United States v. Burgess, No. 20-2940 (7th Cir. 2022)Annotate this Case
Burgess left the apartment he shared with Howard, texting threats to kill her and burn down the apartment. That night, Burgess set a fire that destroyed the building and all of Howard’s and her children’s belongings. Burgess fled and eluded law enforcement for four months, during which Burgess walked into a Metro store, displayed a semi-automatic handgun, and told the clerk he was not “playing.” The clerk opened the register and Burgess stole $650. Metro had a security camera; a citizen identified Burgess and told Milwaukee Police. Burgess was arrested at his sister’s house; police recovered a handgun and the clothing Burgess wore during the Metro robbery.

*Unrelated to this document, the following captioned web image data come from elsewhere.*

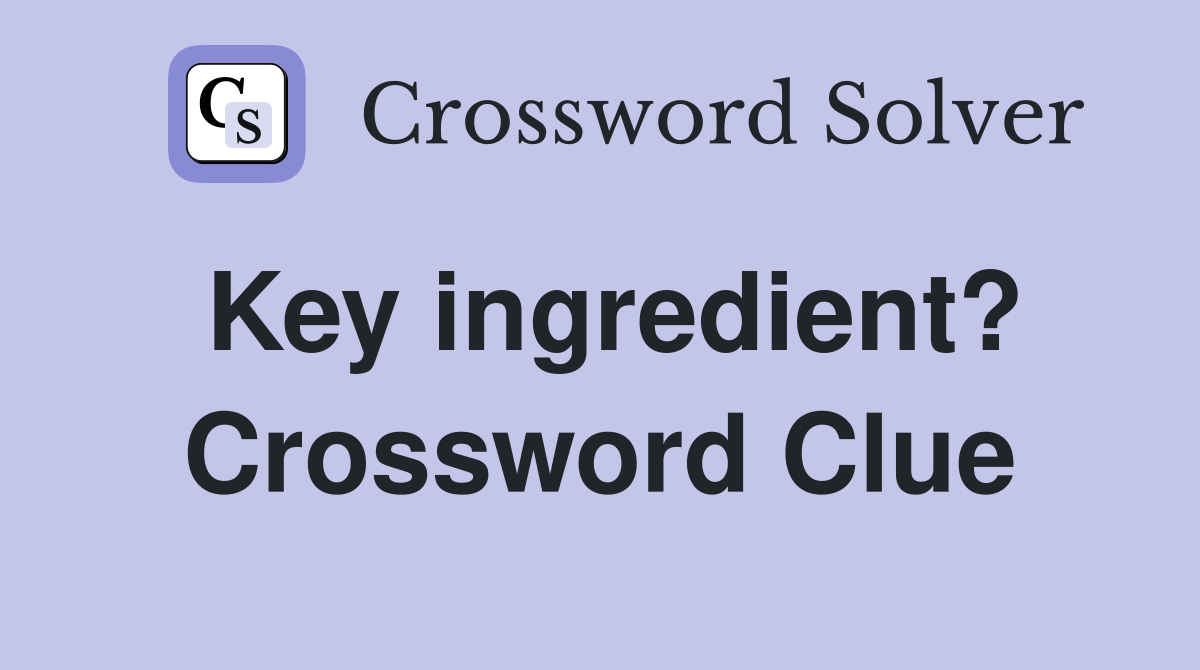 Key ingredient? Crossword Clue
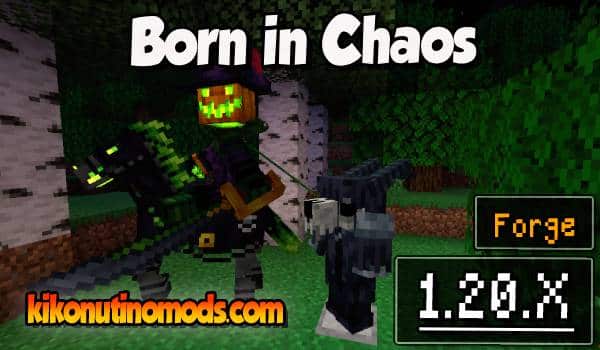 Born in Chaos Mod para Minecraft 1.20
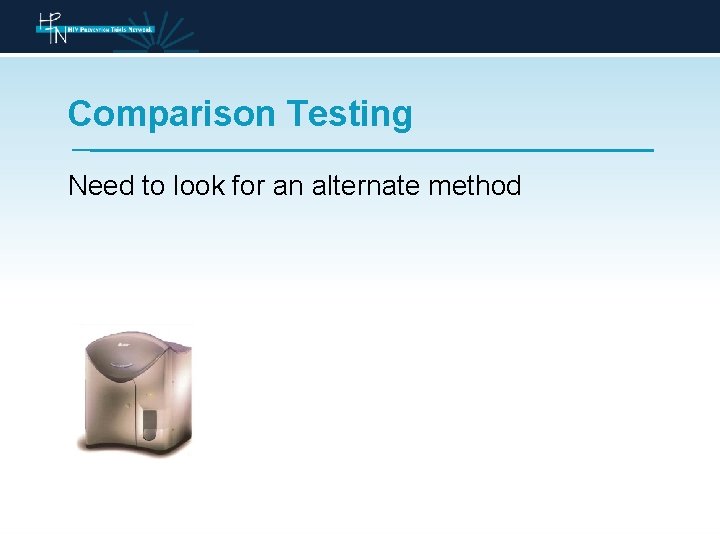 Comparison Testing Need to look for an alternate method 
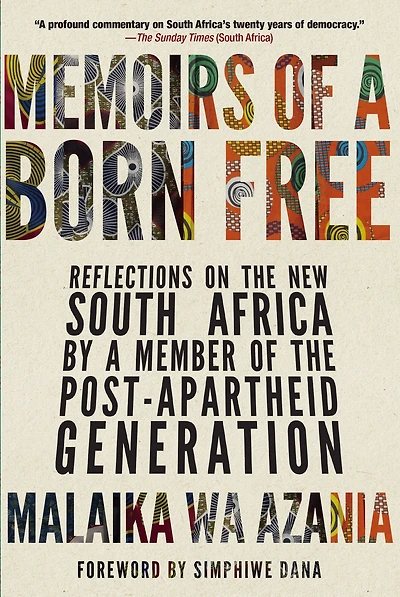 Memoirs of a Born Free: Reflections on the New South Africa by Member Post-apartheid Generation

The government presented evidence Burgess had contacted Howard extensively while in custody, discouraging her from cooperating and encouraging her to change her story. A magistrate entered a no-contact order. Burgess nonetheless consistently and repeatedly contacted Howard. Burgess unsuccessfully moved to suppress evidence obtained during his arrest, arguing MPD lacked probable cause to believe he was inside his sister’s house, then pled guilty The Seventh Circuit affirmed his 174-month sentence and the application a 2-level adjustment for obstruction of justice based on Burgess’s perjurious testimony at his suppression hearing and on his violations of a no-contact order. The factual findings upon which the district court relied established by a preponderance of the evidence that Burgess’s violations of the no-contact order amounted to obstruction.